For him the encounter with the subject, be it fish, human being or landscape, imposed something like a sacred duty on the artist: not just to be true to what you see, but to be true to how you feel it in your nervous system. “I think there has to be one thing in painting – energy, vitality, that’s 99 per cent of it,” he said in a 1998 interview with Niall MacMonagle.
He was fiercely devoted to his art and, as he liked to remark himself, to fishing. Never a materialistic person, he shunned any logical career path to do as he wished which, as he commented, could be hard on those close to him. He lived close to nature in rural locations, including Kilnaboy, Co Clare, Thomastown, Co Kilkenny, and Kilmactranny, Co Sligo. An energetic, enlivening social presence, he built up a complex network of relationships, with family, lovers and friends. The latter included jazz musicians, poets and artists.

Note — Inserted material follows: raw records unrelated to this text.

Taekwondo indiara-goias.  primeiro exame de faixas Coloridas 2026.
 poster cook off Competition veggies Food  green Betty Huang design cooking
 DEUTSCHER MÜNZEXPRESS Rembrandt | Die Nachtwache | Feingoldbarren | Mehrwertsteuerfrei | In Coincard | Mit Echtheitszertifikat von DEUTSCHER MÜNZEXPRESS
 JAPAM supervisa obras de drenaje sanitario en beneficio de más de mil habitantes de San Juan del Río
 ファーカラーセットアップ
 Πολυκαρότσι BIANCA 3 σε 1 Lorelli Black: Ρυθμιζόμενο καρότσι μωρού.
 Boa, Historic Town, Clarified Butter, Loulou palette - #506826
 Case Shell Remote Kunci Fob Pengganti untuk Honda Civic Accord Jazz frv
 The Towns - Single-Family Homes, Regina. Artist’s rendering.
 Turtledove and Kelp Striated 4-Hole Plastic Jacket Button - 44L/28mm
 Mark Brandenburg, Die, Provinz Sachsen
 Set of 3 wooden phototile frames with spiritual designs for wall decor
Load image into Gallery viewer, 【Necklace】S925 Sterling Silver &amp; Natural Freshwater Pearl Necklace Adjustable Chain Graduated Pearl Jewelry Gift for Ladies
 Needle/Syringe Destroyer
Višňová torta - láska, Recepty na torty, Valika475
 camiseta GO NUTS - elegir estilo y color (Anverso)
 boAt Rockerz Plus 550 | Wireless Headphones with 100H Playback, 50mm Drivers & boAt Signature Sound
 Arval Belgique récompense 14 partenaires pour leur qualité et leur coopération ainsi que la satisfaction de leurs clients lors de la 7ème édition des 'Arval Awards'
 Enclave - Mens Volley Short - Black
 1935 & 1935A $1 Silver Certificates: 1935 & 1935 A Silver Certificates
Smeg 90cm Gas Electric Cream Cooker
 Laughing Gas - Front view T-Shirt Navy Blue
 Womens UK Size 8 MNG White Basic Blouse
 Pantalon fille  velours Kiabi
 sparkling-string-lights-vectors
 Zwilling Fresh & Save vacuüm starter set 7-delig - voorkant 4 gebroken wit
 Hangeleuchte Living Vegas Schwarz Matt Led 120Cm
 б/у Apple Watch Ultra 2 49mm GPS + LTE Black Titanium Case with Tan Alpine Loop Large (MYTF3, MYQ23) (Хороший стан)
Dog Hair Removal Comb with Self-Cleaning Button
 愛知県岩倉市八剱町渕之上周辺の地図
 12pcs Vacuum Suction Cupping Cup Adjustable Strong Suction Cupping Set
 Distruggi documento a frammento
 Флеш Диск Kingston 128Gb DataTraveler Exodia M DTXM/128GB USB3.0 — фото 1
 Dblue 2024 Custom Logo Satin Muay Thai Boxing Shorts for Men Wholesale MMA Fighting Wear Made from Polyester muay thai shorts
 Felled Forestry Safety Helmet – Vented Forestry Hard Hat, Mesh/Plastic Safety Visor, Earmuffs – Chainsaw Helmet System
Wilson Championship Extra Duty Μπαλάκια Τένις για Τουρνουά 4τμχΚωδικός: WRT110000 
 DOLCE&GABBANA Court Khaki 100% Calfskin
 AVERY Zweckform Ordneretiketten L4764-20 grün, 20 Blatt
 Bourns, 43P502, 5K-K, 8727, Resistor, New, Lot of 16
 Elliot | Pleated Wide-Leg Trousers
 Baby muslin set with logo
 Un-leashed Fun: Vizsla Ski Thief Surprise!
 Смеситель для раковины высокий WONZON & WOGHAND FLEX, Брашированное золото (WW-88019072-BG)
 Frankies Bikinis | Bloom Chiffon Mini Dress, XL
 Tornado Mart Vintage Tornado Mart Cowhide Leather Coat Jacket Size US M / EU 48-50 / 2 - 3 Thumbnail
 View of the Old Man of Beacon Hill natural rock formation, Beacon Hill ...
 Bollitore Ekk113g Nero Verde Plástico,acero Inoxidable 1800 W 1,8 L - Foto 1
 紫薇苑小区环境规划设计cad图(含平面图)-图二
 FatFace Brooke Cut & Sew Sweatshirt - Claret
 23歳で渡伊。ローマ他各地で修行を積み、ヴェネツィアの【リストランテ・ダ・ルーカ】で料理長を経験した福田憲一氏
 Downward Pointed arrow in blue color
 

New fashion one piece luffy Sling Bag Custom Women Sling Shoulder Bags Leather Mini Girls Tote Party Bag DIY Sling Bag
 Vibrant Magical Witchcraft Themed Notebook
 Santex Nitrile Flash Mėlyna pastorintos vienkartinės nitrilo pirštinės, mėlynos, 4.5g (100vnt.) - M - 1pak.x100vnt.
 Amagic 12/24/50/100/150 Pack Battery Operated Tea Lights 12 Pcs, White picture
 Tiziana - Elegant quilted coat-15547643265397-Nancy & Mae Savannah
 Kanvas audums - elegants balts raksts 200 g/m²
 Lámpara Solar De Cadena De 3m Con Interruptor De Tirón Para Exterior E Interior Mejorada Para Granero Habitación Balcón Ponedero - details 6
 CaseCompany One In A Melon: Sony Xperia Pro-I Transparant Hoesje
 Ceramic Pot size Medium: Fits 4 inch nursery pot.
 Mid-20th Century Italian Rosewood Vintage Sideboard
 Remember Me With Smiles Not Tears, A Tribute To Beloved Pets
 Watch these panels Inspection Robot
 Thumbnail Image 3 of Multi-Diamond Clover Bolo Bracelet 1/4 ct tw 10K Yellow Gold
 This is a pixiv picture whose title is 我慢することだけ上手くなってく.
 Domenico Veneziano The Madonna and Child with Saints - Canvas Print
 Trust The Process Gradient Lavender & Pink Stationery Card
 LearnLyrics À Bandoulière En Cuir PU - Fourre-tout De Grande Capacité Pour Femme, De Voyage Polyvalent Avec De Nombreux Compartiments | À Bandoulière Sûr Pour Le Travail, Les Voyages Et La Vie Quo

He wrote to poet Ted Hughes in 1958 and they met the following year, remaining close from then on and fishing together on many occasions. Seamus Heaney and John Montague also became good friends. He worked on collaborative projects with all three, including a 1985 illustrated edition of Heaney’s Sweeney Astray . Robert Andrew Parker, Camille Souter and Nick Miller numbered among his close artist friends.
He was born in Knutsford, Cheshire, in 1931. His father, William Jasper Cooke, was English, his mother, Gladys (née Judge) American. The family emigrated to the US in 1947 but soon moved on to Bermuda, via a three-month stay in Jamaica, where the lush tropical climate and a brief romance made a deep impression.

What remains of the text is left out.